ВАЛЕРИЙ ШУБИНСКИЙ
КАКОЙ «СОЛДАТ» НАСТОЯЩИЙ?
В первом номере нашего журнала был опубликован фрагмент книги Г.А. Морева «Осип Мандельштам: фрагменты литературной биографии». В 3 номере мы эту книгу рецензировали. На наш взгляд, исследователь в целом верно интерпретировал ту информацию, которой располагаем мы о взглядах и настроениях поэта в 1930-е годы.

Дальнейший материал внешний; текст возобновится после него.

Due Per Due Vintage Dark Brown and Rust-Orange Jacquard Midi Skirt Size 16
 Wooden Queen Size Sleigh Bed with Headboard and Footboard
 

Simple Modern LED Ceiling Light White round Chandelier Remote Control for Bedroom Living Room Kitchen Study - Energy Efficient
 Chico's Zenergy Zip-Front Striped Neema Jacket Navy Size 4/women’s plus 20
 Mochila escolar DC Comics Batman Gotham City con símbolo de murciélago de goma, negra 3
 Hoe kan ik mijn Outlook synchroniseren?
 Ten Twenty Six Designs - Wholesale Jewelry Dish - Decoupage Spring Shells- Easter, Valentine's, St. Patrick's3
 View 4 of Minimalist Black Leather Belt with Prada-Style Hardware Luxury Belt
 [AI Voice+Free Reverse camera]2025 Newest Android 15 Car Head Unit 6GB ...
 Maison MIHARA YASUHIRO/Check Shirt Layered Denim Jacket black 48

Но, двигаясь дальше (в том числе по стопам М.Л. Гаспарова) в пересмотре мифов о Мандельштаме, Морев обратился к текстологии «Стихов о неизвестном солдате». Этому посвящена его статья « “Стихи о Сталине” и “ Стихи о неизвестном солдате”» («Новый мир», 2022, №5) И вот тут уже, признавая важность поставленных Моревым вопросов, мы вынуждены оспорить его выводы – во всяком случае, в той категоричной форме, в которой они высказаны.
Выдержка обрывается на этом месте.